Ask HN: What to do if your FAANG is levelling you according to your nationality?
When pressed, the other manager (who talked to my manager, with both being supportive) let leak that HR did not want to raise my level any further due to my location in Europe.
I have been here for four years and got steady raises and level increases throughout (ranked in top 3 performers for a team of 25).
Am overall royally frustrated by this, since it likely means it's implicitly the end of my career track.
I vested yesterday, so am considering leaving for a smaller company and saving myself the aggravation altogether.
What would you do?
(EDIT: I have been intentionally vague in some parts, but I am an EU citizen, currently fully remote, working for a US company on international projects. I also have a rare set of skills that I cannot go into, but which my new team values highly).
25 comments
[ 3.6 ms ] story [ 59.6 ms ] threadA company taking location into account is very different from treating you differently based on your nationality.
$20k raise is peanuts in US tech. If you're in it to chase the greenback, suck it up, transfer to US on L1 asap, get green card in 2-3y, get $100-200k raise on your first job hop after it.
Paying people living in one place more than people living in another place for the same work is a slippery slope that harms the interests of workers when it becomes acceptable practice across the industry.
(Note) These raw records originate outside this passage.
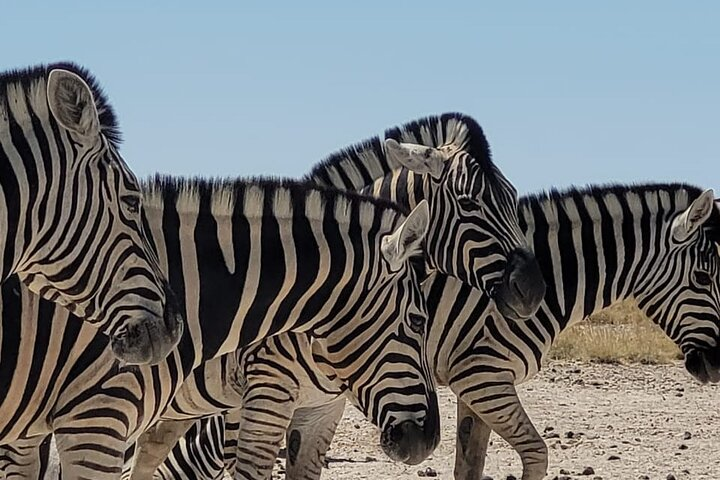 Private Multi-Day Tour Self-Drive for Beginners Safari in Namibia - Photo 1 of 7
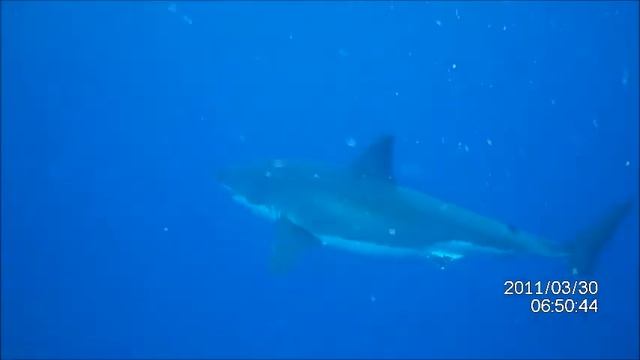 Cage diving with Great White Sharks in Port Lincoln South Australia смотреть онлайн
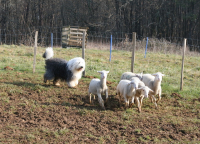 Bobtail není jen Maxipes Fík!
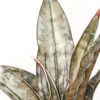 Popular Kirkii Pulchra Coppertone Snake Plant (sansevieria kirkii)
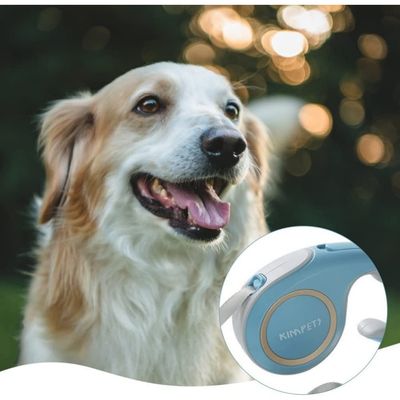 HausPets Laisse Chien Rétractable 3m Antidérapante Marche Camping Course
Maybe resisting the absurdity here could be your act of solidarity with those who are in the same position but without the freedom to speak out about it.
In general I do rather have the impression that the best way to have a "career" is to change employer every few years. I'd say, go for it.
Note also that take-home pay might be very different due to employer costs (If you pay some one X, and it costs X+D in one place, in a different country/place, maybe for the same cost, the take home pay might very well be X/2 just because the "D" part inflates due to local regulation...).
Not saying this is a good thing, just pointing out it is already happening (i.e. it's slipped all the way down already!).
Except they then make the same profit in both markets.
Take for example the cloud market: VM pricing is mostly the same in the us or Europe or Asia. Same for non-vm prices.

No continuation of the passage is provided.